Hertie Eine Pleite mit Ansage

Ein Traditionskaufhaus ist pleite: Weil der Mehrheitseigentümer Dawnay Day in finanzielle Schieflage geraten ist, bleibt Hertie nur der Weg in die Insolvenz. Doch der Betrieb geht erst einmal weiter.

Die Kaufhauskette Hertie hat Insolvenz angemeldet. Gespräche über eine finanzielle Restrukturierung des Unternehmens beziehungsweise über eine Zwischenfinanzierung seien gescheitert, teilte der Konzern mit dem Traditionsnamen am Donnerstag in Essen mit.

In vielen Städten das einzige Kaufhaus: Hertie

(Foto: Foto: dpa)

Schwacher Trost für die 4500 Beschäftigen in den 73 Hertie-Filialen: Die Gespräche über die Finanzierung des Insolvenzgeldes für die Mitarbeiter sollen zügig aufgenommen werden.

Der Geschäftsbetrieb geht weiter

Hertie-Geschäftsführer Mark Rahman zeigte sich trotz des Insolvenzantrags optimistisch: Die Insolvenzordnung biete zahlreiche Möglichkeiten, den Geschäftsbetrieb zu stabilisieren "und somit eine gute Ausgangslage für einen nachhaltigen Turnaround zu schaffen". Das Unternehmen habe klare Vorstellungen, wie die operative Restrukturierung in der Insolvenz zügig fortgesetzt werden solle.

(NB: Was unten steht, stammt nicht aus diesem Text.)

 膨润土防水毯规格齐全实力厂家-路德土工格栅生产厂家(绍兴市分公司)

Der Geschäftsbetrieb werde fortgesetzt. Die Hertie-Häuser befinden sich vor allem in mittelgroßen Städten mit Schwerpunkten in Nordrhein-Westfalen und Norddeutschland.

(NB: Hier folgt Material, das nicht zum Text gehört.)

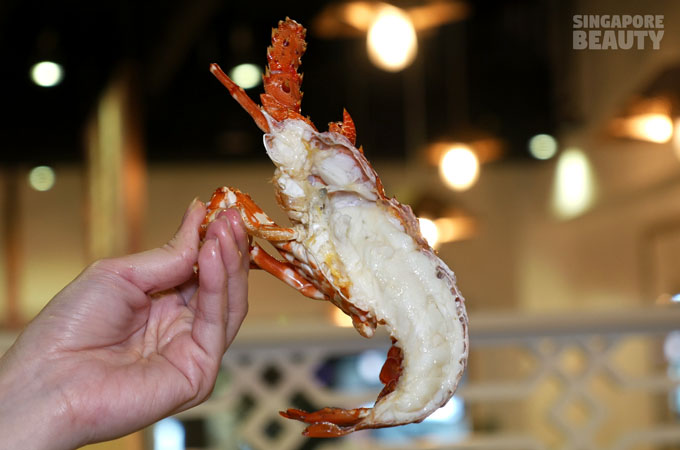 yu-pin-steamed-seafood-live-lobster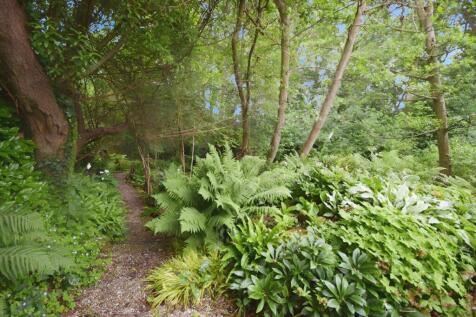 Property Image 29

Man plane, das Konzept des Nachbarschaftskaufhauses neu zu beleben, sagte Vertriebsleiter Erik van Heuven. Dabei habe man die Unterstützung wichtiger Lieferanten. Im Zuge des Insolvenzverfahrens sollen offenbar einzelne Häuser auf den Prüfstand kommen: Man wolle "die Rentabilität einzelner Standorte gemeinsam mit dem vorläufigen Insolvenzverwalter einer genauen Analyse unterziehen", hieß es in der Hertie-Mitteilung.

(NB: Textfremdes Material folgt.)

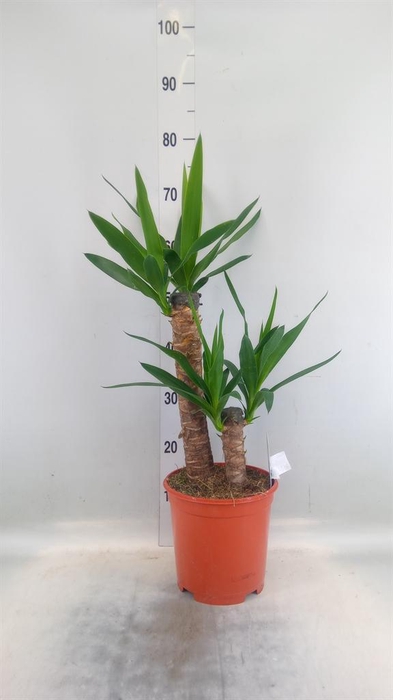 <h4>Yucca   ...</h4>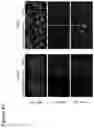 Fig. 47 - Site-specific glycoengineering of targeting moieties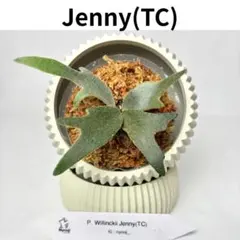 メルカリ便】P. Willinckii Jenny （TC)【07】 - メルカリ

Wirtschaftsministerium schaltet sich ein

Das nordrhein-westfälische Wirtschaftsministerium teilte mit, man wolle einen möglichen Konsolidierungskurs bei Hertie konstruktiv begleiten. Hertie habe in den letzten Monaten "intensive Anstrengungen zur Umsetzung der notwendigen Restrukturierung unternommen", sagte Sprecher Joachim Neuser. Geschäftsführung, Gesamtbetriebsrat und Mitarbeiter stünden hinter der neuen Strategie.

Durch die maßgeblich von der Immobilienkrise verursachten Insolvenz von Dawnay Day sei Hertie aber die "notwendige Finanzbasis für die laufende Restrukturierung akut weggebrochen". Somit sei Hertie gezwungen gewesen, selbst einen Insolvenzantrag zu stellen.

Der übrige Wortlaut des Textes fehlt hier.